1975 東映 95分 監督 中島貞夫 出演 松方弘樹 北大路欣也 田中邦衛 佐藤慶 戸浦六宏 金子信雄 賀川雪絵 ビデオ

昭和23年に実際に起きた島根刑務所内の暴動。暴力は苦手だが、「島根」とタイトルにあるからには、と見ることにした。

当時の世相はどこも殺伐としていたと思うが、なぜ特に島根なのか。
「エス」「ザ・ウェーヴ」という映画にもあるように、権力を握った人間が弱者をしいたげるのは、人間の本性だ。まして他にこれといって娯楽のないこの土地においてをや。

私見だが、当地の人は(当地に限らないのかも知れないが)事大主義で、群れになりたがり、弱いものいじめに走りやすい。小さな権力を握ると、とたんに威張りだす。杓子定規に規則を盾に取ったり、気まぐれや虫の居所で勝手な裁量をする。公平とか正義とか合理性とか、人情に沿って融通を利かすとかいうことがない小役人根性が、官民ともに溢れているように見える。島根に来て5年足らずだが、これに損害を受けたことが何回あるやら。もちろん個々には反対の人もいるが、一人で行動せず常に集団で動く(例を挙げれば、信号の色が変わっても、一人では歩き出さない)ゆえに、表には現れない。
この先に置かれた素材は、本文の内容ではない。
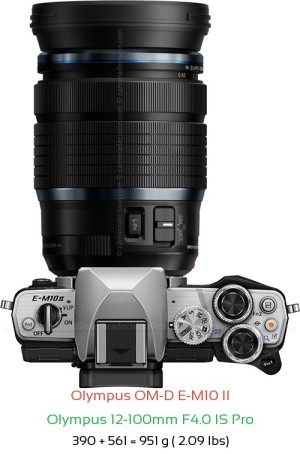 Olympus E-M10 II with Olympus 12-100mm F4.0 IS Pro Lens Size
島根の良い点も出ている。炊事場の食材の多さだ。暴動の原因は、食事2回抜きという罰だった。「ここにいると食事だけが楽しみなんだ」と怒る主人公だが、「楽しみ」というだけあって、どんぶり飯に汁物に、おかず一皿、その上に丸い橙色のもの、まさか果物じゃなかろうが、もともとこの土地は食物の豊富なところだ。昭和28年の私の小学3年の給食より昭和23年の刑務所のほうがずっと良いものを食べているのは、本当にそうだったなら、さすがは島根だと思う。単に昭和50年の映画人が事実を知らなかっただけかもしれないが。

まあ私ごとはさておいて、この映画はもっぱら男性連に大いに楽しまれているようだ。腕っぷしの強いアホな主人公の大暴れでスカッとするし、昭和の香りがするというので。

暴動の一夜の狂喜乱舞、解放区となった刑務所内は「酒も飲まずに、だれもが酔っぱらいのように振舞った」。そこで思い出すのが「革命の情熱は、酔っ払いと同じものなんだ」という言葉だ。司馬遼太郎「ひとびとの跫音」にある。